My twins have invented a new game this week. I'm not sure what it's called, or what the rules are, but it involves taking off your shoes and socks, replacing the socks on your hands, and then charging about the house as fast as possible, whilst squealling. In many ways this game is a follow-up to the equally popular "trying to fit in the pots and pans cupboard and close the door" game that enjoyed much popularity over the summer. In fact, it's entirely possible that my twins have been inspired by the herculean efforts of Jessica Ennis and are aspiring to be heptathletes in their own twin-version of the sport. Other events in the twin heptathlon appear to include: throwing teddies into each other's cots, diving off the side of the sofa head-first, jumping on Mum's caesarean scar, and pushing each other off a small block onto a cushion.
I'm definitely currently in the phase where having twins is starting to pay off. They really do entertain each other, and I never have to think "what am I going to do with them next?" Even in really small ways it's very useful that they always have each other. It means that when I'm running around the house in the morning getting ready for work I can leave them at the breakfast table to go and get dressed without the sad, forlorn image of a lonely child left on their own. Charging around the supermarket carpark trying to find a two-seater trolley (impossible, by the way. Shop online) is less guilt-inducing because they are happily having a chat in the car in their own language.
You might not believe it, but in many ways having twins is easier than two children close together. Yes, initially you have two newborns to deal with, but you don't have a newborn and a two-year-old trying to stuff jelly babies up its nose. The thing with having a second child is that you usually decide to have the second when it becomes obvious that the first needs a playmate, but of course the problem is that it's well over a year into child number two's life before they can be any use to you as such. Up until then you're basically keeping them apart, constantly telling off your older child for fiddling with, waking up, and generally annoying your new baby. And when they not doing any of those things they're leaving tiny bits of toys all over the place for the baby to swallow.

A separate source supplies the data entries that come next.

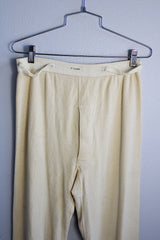 Men's or women's vintage 1950's cream colored wool material military long john underwear. Ribbed ankles and elastic waistband.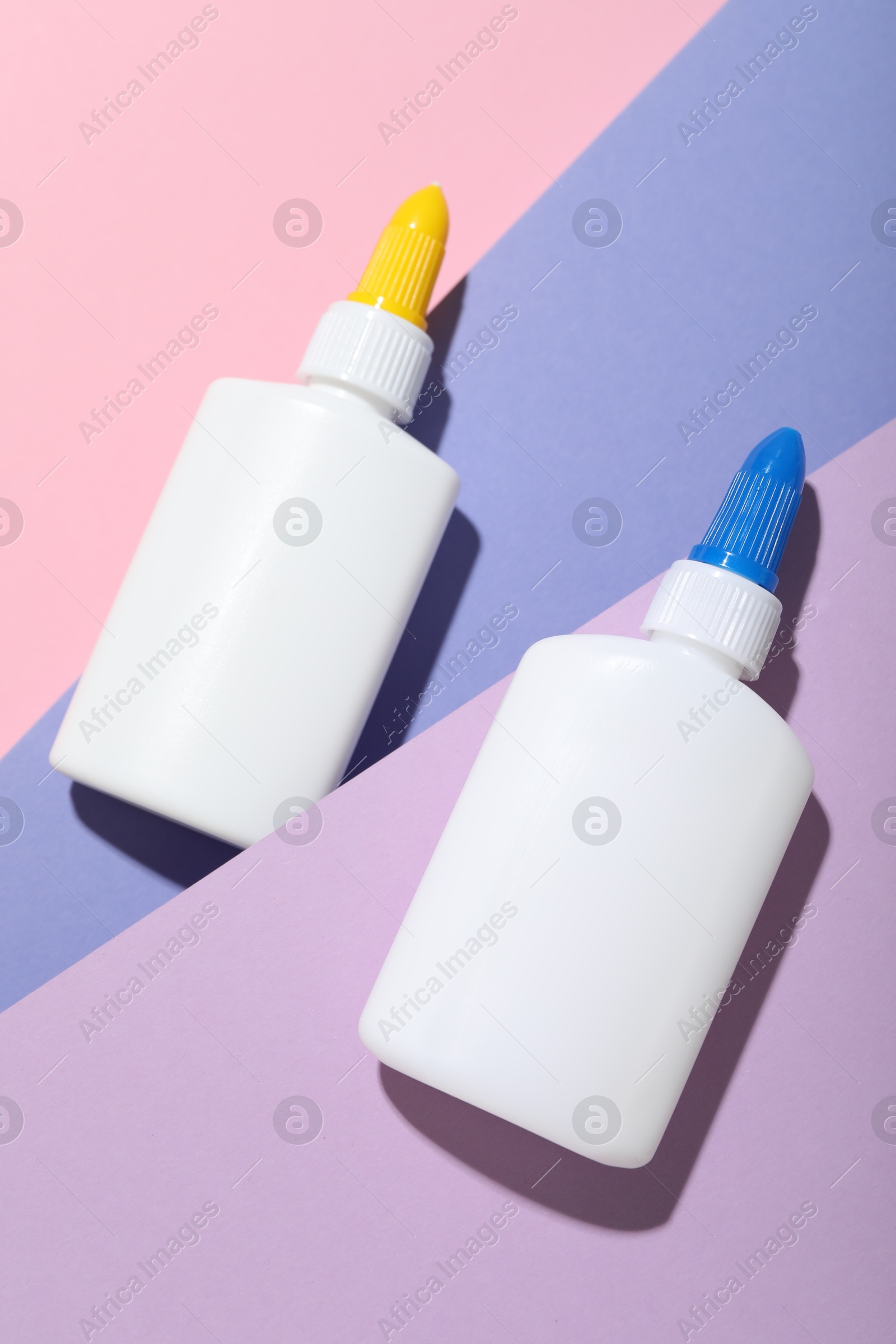 Photo of Bottles of glue on color background, flat lay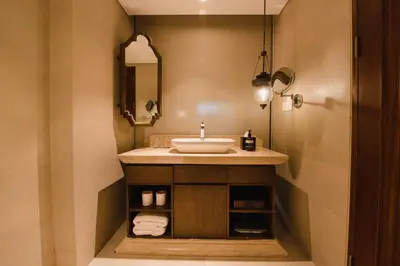 a bathroom with a sink and a mirror at Ramayana Suites and Resort in Kuta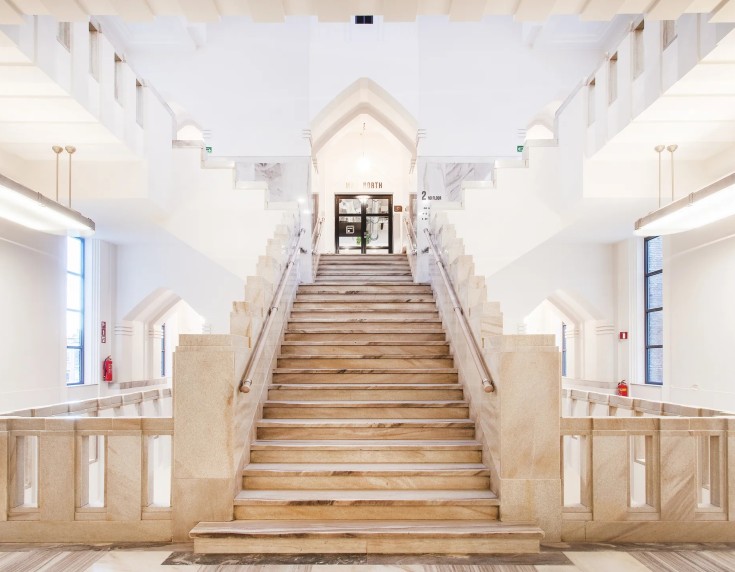 Modern kantoorinterieur in een monumentaal pand met natuurlijk licht en een warme, open sfeer.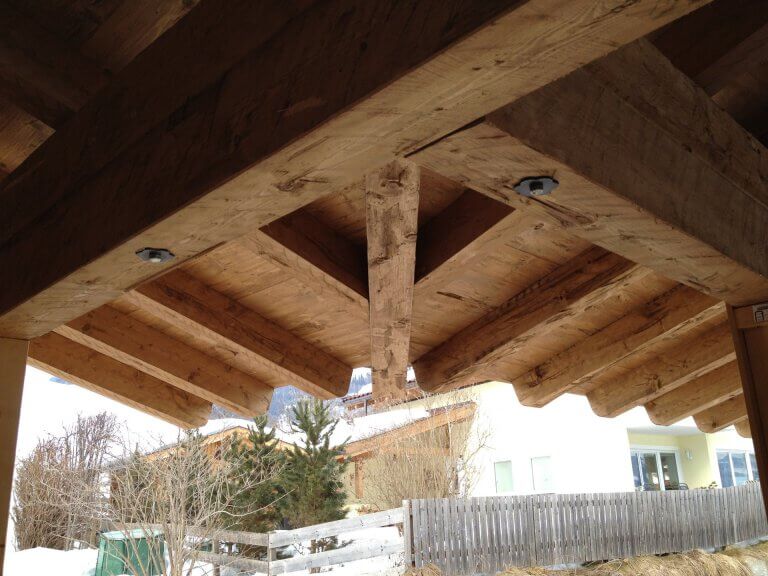 Ansicht der Holzstrukturen eines Daches im Bau, mit natürlicher Umgebung in Piesendorf.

I'm trying (and failing) to remember when my twins started to entertain each other. At first, all you're trying to do is get them to interact and getting frustrated, because young babies will look pretty much anywhere other than at the thing you're pointing at them. I've definitely got a photo of the two of them in bumbos looking quizzically at each other as if one is interviewing the other on Newsnight. When they started pulling themselves up to standing they really enjoyed facing each other and pulling faces. I heard a really lovely story from a mum whose identical twins did a double-take when they noticed each other for the first time!
The challenges of having twins are well-documented (mainly by know-it-all twin mums like myself), but the benefits of having twins are numerous. Not least, having a constant playmate means that you don't have to invite other people's horrible children over just so that your child has someone to play with.